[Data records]

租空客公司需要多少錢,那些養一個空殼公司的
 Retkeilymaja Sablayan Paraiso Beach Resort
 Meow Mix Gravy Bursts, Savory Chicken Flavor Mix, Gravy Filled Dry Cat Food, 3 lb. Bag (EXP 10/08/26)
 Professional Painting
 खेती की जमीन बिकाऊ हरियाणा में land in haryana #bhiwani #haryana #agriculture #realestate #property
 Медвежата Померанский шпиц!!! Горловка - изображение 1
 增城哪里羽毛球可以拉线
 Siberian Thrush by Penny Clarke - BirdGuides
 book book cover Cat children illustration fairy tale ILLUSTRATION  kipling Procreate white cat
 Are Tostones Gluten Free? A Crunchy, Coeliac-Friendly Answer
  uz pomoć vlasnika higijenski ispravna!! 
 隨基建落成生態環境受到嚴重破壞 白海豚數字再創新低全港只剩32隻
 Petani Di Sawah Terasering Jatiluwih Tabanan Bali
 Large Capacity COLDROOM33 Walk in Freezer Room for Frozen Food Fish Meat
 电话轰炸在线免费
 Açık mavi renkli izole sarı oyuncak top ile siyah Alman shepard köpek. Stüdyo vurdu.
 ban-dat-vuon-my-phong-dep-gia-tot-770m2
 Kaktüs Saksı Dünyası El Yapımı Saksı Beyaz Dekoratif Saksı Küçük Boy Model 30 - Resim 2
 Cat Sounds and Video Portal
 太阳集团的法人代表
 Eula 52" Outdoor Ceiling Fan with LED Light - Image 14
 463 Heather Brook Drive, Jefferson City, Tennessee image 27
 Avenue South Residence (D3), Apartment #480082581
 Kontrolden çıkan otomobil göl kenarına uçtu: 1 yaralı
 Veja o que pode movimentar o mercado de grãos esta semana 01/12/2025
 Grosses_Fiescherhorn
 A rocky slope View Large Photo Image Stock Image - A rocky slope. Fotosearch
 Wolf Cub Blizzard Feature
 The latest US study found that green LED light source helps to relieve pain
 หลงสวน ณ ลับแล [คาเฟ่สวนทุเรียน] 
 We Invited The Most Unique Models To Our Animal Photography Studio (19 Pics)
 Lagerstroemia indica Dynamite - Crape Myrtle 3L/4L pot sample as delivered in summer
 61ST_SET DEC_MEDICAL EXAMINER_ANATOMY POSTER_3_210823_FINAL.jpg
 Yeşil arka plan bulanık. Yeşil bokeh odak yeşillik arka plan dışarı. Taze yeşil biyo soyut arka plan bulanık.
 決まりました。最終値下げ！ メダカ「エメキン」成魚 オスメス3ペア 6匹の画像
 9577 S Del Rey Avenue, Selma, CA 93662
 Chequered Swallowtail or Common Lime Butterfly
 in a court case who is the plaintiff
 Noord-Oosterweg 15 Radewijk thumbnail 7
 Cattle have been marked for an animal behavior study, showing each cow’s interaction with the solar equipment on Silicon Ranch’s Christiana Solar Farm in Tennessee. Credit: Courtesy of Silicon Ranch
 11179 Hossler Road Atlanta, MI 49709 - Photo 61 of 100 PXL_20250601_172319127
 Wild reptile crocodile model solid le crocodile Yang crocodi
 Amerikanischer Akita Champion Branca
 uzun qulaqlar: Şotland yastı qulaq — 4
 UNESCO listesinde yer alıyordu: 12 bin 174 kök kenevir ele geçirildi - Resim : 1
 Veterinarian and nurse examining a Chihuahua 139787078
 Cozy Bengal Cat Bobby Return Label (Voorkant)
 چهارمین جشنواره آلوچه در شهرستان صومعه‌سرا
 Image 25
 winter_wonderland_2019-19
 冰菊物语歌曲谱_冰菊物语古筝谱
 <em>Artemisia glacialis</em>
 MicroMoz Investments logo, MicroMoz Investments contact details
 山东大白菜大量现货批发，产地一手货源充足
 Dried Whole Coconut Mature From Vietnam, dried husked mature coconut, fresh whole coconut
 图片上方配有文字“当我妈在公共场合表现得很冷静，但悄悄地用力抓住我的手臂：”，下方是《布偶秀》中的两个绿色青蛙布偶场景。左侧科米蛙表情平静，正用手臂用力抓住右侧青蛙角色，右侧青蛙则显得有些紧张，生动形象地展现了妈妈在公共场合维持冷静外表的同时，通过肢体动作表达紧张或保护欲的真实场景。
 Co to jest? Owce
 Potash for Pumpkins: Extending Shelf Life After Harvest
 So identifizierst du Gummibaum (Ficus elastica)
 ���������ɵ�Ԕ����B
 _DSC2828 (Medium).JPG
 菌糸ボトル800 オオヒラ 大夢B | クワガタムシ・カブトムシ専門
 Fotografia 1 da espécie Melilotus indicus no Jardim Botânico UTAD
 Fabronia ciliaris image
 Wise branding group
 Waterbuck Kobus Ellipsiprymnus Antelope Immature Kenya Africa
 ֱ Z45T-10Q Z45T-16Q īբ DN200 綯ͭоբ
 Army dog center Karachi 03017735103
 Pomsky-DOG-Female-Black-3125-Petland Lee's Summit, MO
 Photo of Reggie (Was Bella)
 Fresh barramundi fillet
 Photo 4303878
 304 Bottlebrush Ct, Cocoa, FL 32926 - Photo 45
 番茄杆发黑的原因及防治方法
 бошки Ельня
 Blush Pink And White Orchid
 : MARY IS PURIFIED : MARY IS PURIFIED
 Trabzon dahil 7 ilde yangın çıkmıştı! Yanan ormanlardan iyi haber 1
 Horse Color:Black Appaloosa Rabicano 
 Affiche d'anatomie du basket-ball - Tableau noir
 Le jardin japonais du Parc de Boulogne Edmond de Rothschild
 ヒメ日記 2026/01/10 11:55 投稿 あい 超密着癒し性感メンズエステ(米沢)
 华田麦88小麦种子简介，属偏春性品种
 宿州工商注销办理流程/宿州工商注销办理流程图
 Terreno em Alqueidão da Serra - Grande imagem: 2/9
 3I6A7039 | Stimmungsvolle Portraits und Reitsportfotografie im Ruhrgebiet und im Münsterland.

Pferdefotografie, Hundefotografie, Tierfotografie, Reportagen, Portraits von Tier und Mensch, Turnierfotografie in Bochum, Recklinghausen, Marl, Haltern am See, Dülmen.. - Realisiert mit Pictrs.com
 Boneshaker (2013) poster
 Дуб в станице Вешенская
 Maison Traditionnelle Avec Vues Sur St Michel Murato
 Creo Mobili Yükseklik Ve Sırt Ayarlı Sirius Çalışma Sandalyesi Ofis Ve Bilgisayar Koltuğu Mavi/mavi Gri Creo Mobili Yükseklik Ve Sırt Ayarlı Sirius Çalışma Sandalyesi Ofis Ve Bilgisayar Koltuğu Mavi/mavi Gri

> _WHAT THE TASK ASKS_
Would you print exactly, and only, the lines of the data above from the line with "Wise branding group" through the line with "304 Bottlebrush Ct, Cocoa, FL", inclusive?

> _SOLUTION TO THE PROBLEM_
 Wise branding group
 Waterbuck Kobus Ellipsiprymnus Antelope Immature Kenya Africa
 ֱ Z45T-10Q Z45T-16Q īբ DN200 綯ͭоբ
 Army dog center Karachi 03017735103
 Pomsky-DOG-Female-Black-3125-Petland Lee's Summit, MO
 Photo of Reggie (Was Bella)
 Fresh barramundi fillet
 Photo 4303878
 304 Bottlebrush Ct, Cocoa, FL 32926 - Photo 45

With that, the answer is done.